Chancellor: And Jones says that another potential benefit to a universal basic income type program is that these programs are fairly simple to administer and to understand when it comes to eligibility.
Jones: There’s generally going to be a tradeoff between being able to target certain outcomes and target certain people, and with that you bring more complexity. Different people have views about how complex or simplified these things should be and the universal basic income might be simpler because everyone qualifies. It’s not conditional on what you do and it’s not restricted to be used on any given type of activity or purchase. So those are some of the arguments people have in favor of this. The other thing is that there’s this view that there are certain sets of people who at their stage in their life are sort of, the industry in which they work has shrunk and so they are now left with very limited employment opportunities. There are other people who are facing changes in their industry where there’s more automation so there’s a group of people that may have a very hard time finding employment given technological and global shifts and that for these people you might need to have this type of policy to give those workers or former workers means to live on. So those are some of the arguments in favor of a basic income.
Chancellor: But Jones says there are tradeoffs—or at least potential tradeoffs—with a universal basic income program and so as we mentioned before, he and his colleague Ioana Marinescu wanted to look at an existing program to better understand what some of these tradeoffs might be, but there aren’t a lot of programs that really fit the bill.

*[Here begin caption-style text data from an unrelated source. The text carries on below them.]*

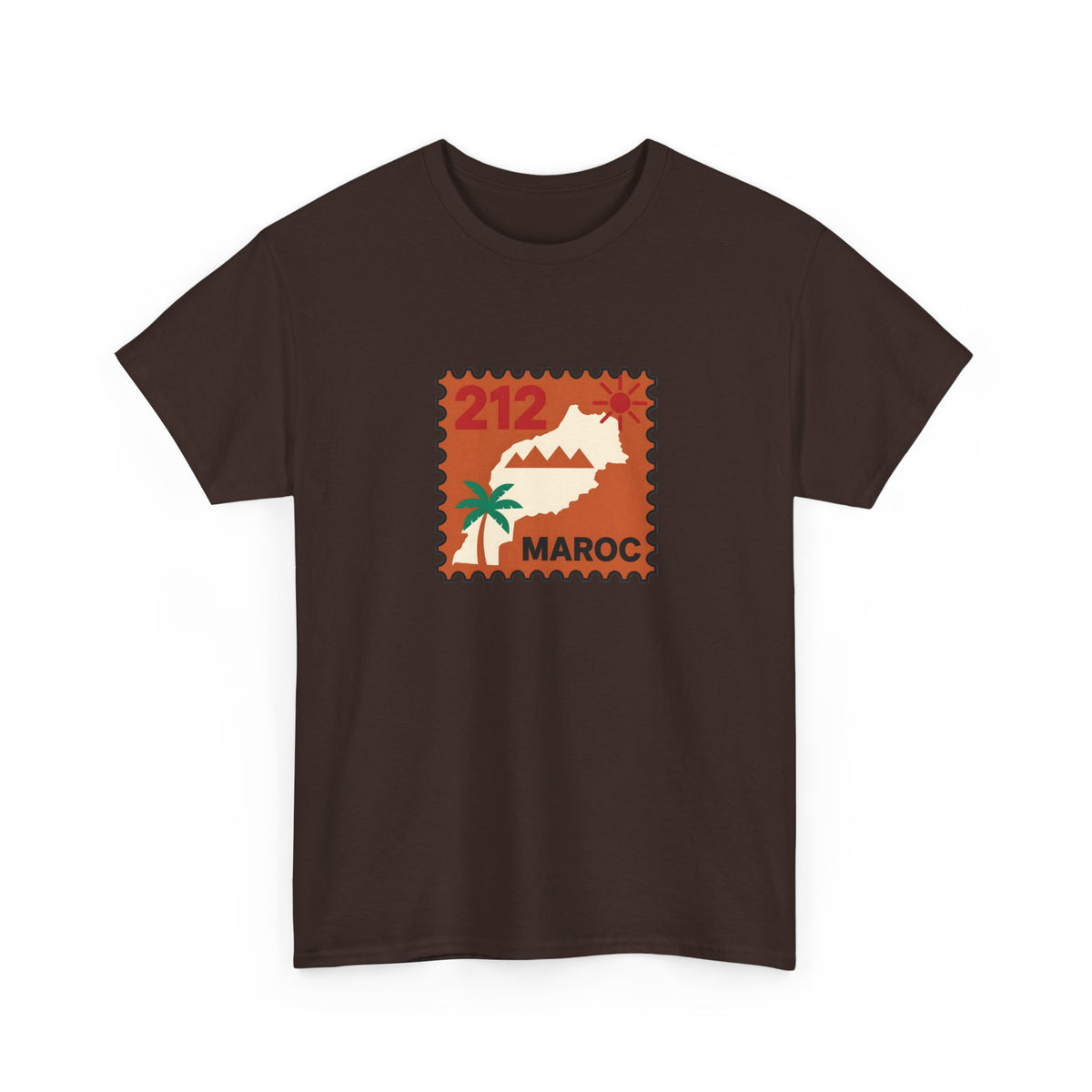 T-shirt Timbre Maroc 212 — Style voyage vintage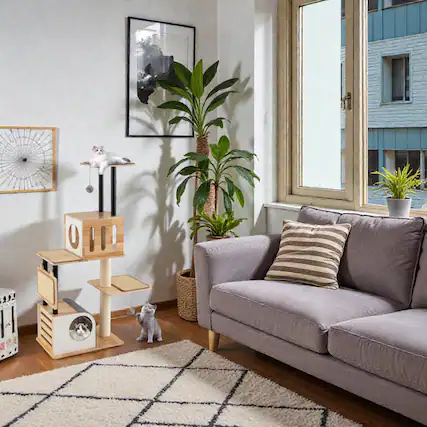 Front. BreeBe - Stylish Tall Cat Activity Center with Twin Condos, Sisal Mats, and Play Balls - Natural.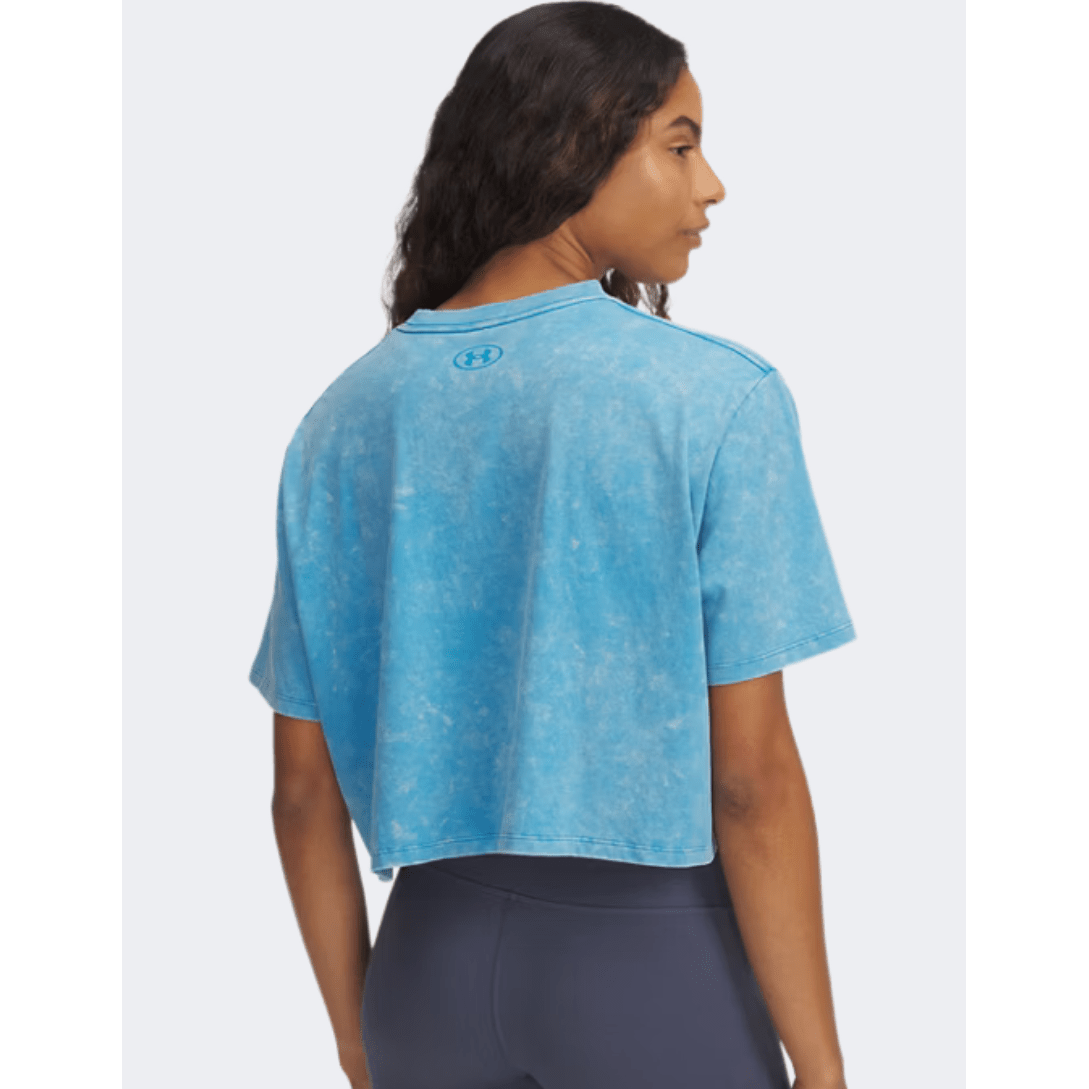 Under Armour Rival Wash Women Lifestyle T-Shirt Ether Blue/Black - Medaid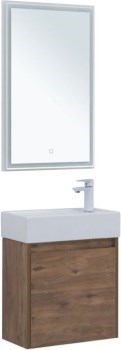 AQUANET Мебель для ванной подвесная Nova Lite 50 дуб рустикальный (с дверецей) - фото 278814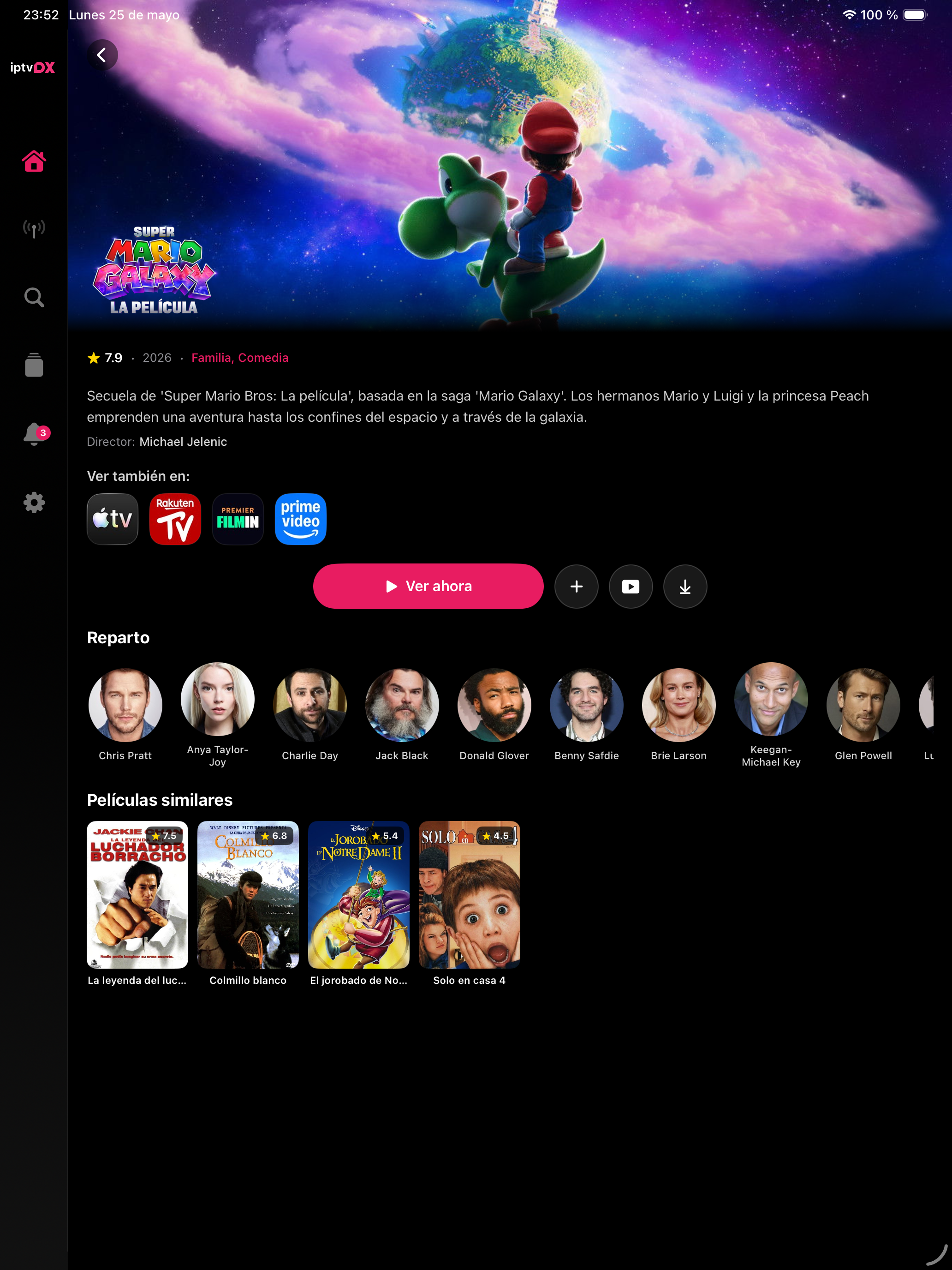 iptvDX en iPad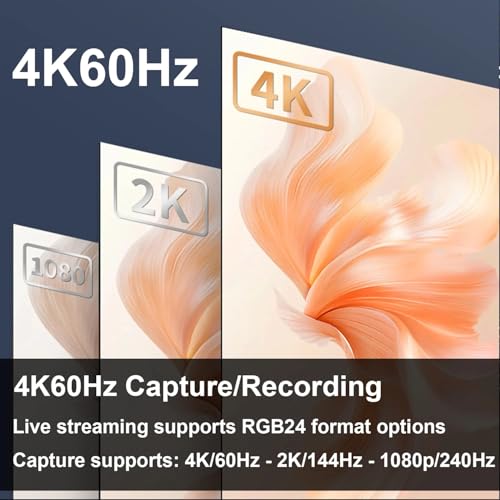 Image of MICROWARE HDMI Capture Card, 4K 60FPS HDR & VRR Passthrough Near-Zero Latency Capture Card Compatible for PS5, Xbox Series X /S, Xbox One, PS4, Switch, Windows 11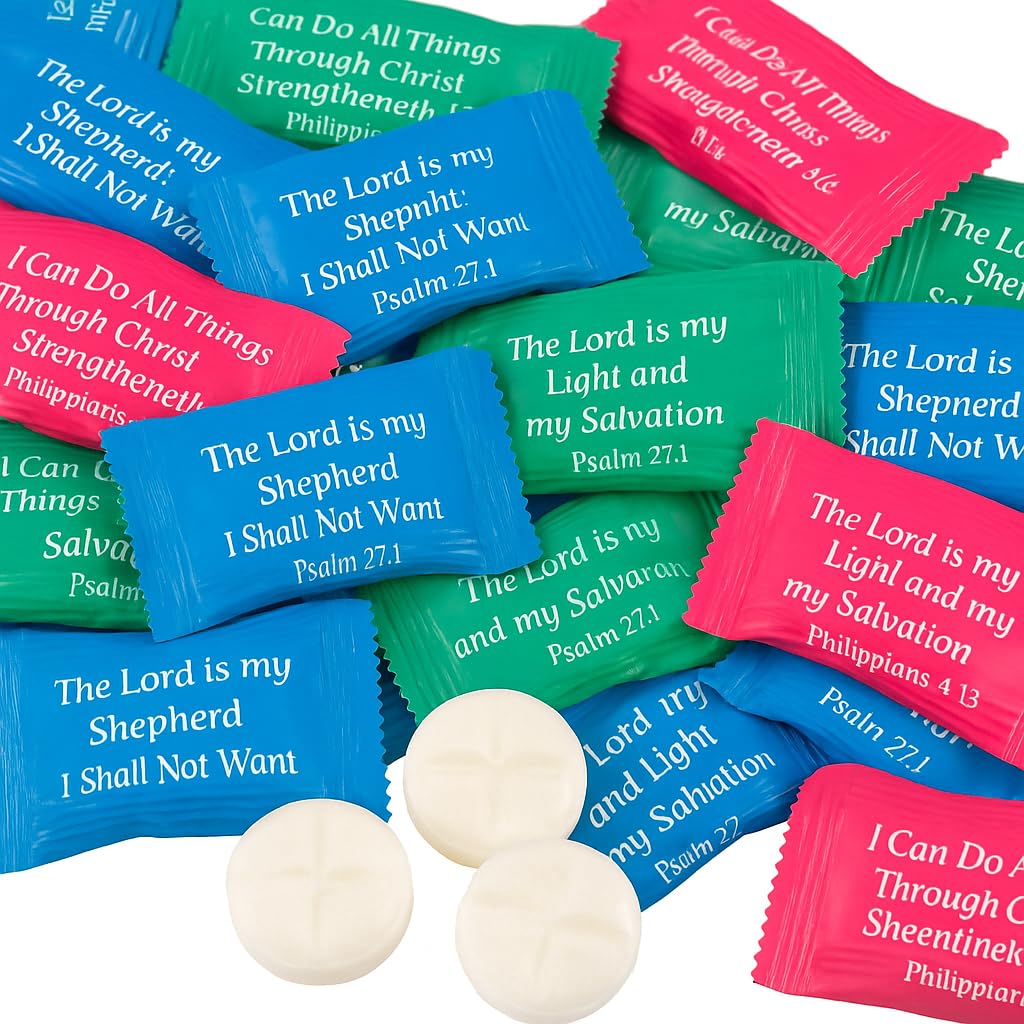 216ct Bible Verse Butter Mints Bulk - Individually Wrapped Christian Candy for Easter, Church, Sunday School, Weddings, Graduati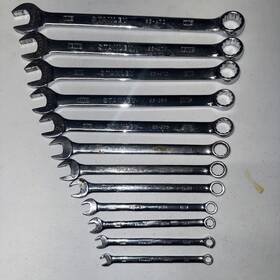 85-452 Stanley Used Sae 12 Piece Combination Wrench Set 1/4 To 7/8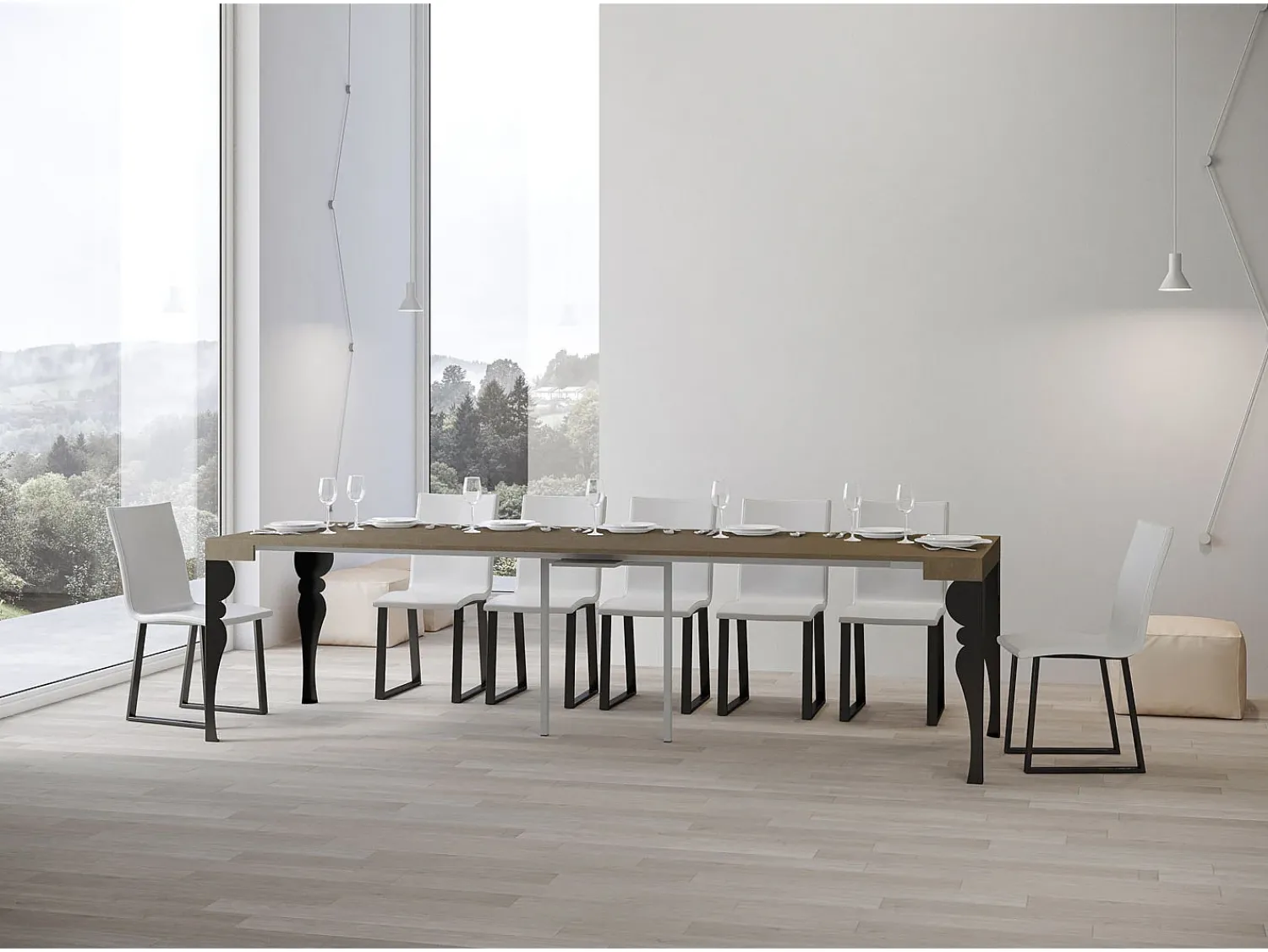 ITAMOBY Mesa consola extensível 90x40/300 cm Paxon Tortora quadro Antracite^ Consola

Jones: There are a couple of questions about basic income that we have limited evidence on because it’s generally just hard to see this type of policy in action. One of those questions has to do with what happens when you have a large scale program like this and everyone is receiving this transfer, so it’s a universal basic income. It’s a cash payment. By definition it’s going to a large majority of the population at the same time. That’s one thing that’s hard to find in practice. Another thing that’s hard to find is the type of policy like this that is sort of permanent. If you implement a policy like this that’s going to change people’s future expectations about what they will be able to do and what income they’ll kind of have on hand for a long time to come. So we looked at Alaska where they have something called the Permanent Fund Dividend. They have a fund, which is basically a store of wealth that they have that was initiated by oil discoveries and now is just a fund that is diversified and invested in a number of different assets. And the state owns this wealth and they distribute it to people every year, they distribute some of the returns from that wealth to people in the form of a cash payment called the Permanent Fund Dividend. This has some of the features that I just mentioned—everyone in Alaska who’s lived there for at least 12 months gets the payment and the policy has been in place for over 30 years, so it’s been something that people have basically expected to be there for the foreseeable future.
Chancellor: I asked Professor Jones what it was that they were actually trying to understand better by looking at the Alaska Permanent Fund Dividend.
Jones: We have evidence in the past that looks at what happens when you give one person a payment, what happens when one family wins the lottery, what happens when subset of people get maybe some sort of special cash transfer? This gave us a chance to look at what happens when everyone in a geographic area is getting this payment when they can expect it for a long period to come. The key issue that we were interested in is what happens to people’s likelihood of working if they begin to get these types of transfers? Theoretically, I give you an extra cash payment of some sort, you can maintain the same quality standard of living and afford to work less. This is called the income effect in economics and so you might predict that this type of transfer would make people less likely to work. And so what we wanted to do was look in Alaska and see what the evidence shows about this type of transfer on labor market outcomes.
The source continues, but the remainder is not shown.